Really cannot think of the right words to share to you now. My blog is all about seeing beautiful things in life, my life experience as mother and wife. Encouraging people to do great things, think beautiful and be positive in everything but now, how can I encourage anyone when I am not okay and sad?
It is almost 40 days since my mom gone but still in process of accepting everything. I mean, I am still in the process of accepting that she is gone forever.
|My Mom and I Christmas 2012 in our church|
|It is harder when I am alone. God knows how I want to be okey for I need to be okey for my kids. I don't want them to see how sad and hard to loose my mama, I just want them remember their grandmother how she was before she left us, that I want them to see how good it felt and be happy to know that their grandmother is happy with Jesus now. Loosing my mom due to some complications of diabetes, makes me feel so alone and weak, I felt like I never do anything for her.|
Whom I can talk to? My three siblings leave abroad to worked several months ago before our mom passed away, I have a sister here who helped me sort things up for funeral and burial but she also busy with her own mourning and finding way to be okay also for her son. Good friends are good help to see things beautiful again, but I will be sad again when I am alone.
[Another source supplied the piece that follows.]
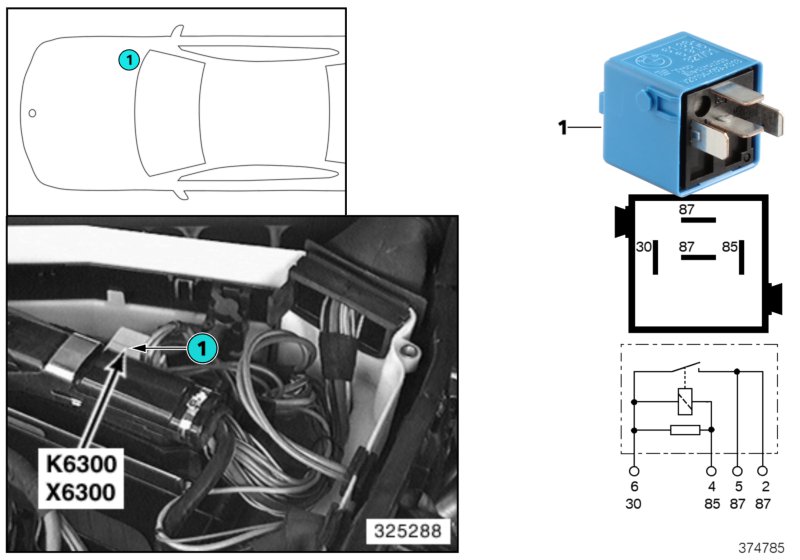 Relais DME K6300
How to be okay? These things help me to smile again.
Read your Bible
There is no other way to calm my heart and mind but reading my Bible. It always give me the right words of whats happening around me, on what to do, and how to do. Reading my Bible at my weakest days makes me strong again. And it really helps me to think straight again. As God says He comforts his people in our darkest times (Job35:9-10) and went we are weak (Isaiah 40).
As I was telling you that I was very sad as if I do not do anything for my mom. The Bible reminds me that no I am not. The Bible reminds me that I will be comforted when I am mourning (Matthew 5:4) and while I am in grieve God is with me (2 Corinthians1:3-11), what is calmer than that, knowing my God is with me while I am sad. And having the assurance that all these feeling of grief will someday end (Revelation 21:3-4).
Whatever happens pray (Ephesians6:18). I learned that I cannot do anything without God. You may say that it is a cliché but it is true, I cannot be here writing, without Him. I cannot be who I am now without God. I am weak, I am gloomy without Him.
I got operated with my gallbladder when my husband and I still starting our married life together, I lost my house, car and jewelries two years ago and bound to many debts. And last month loosing my mom before Christmas.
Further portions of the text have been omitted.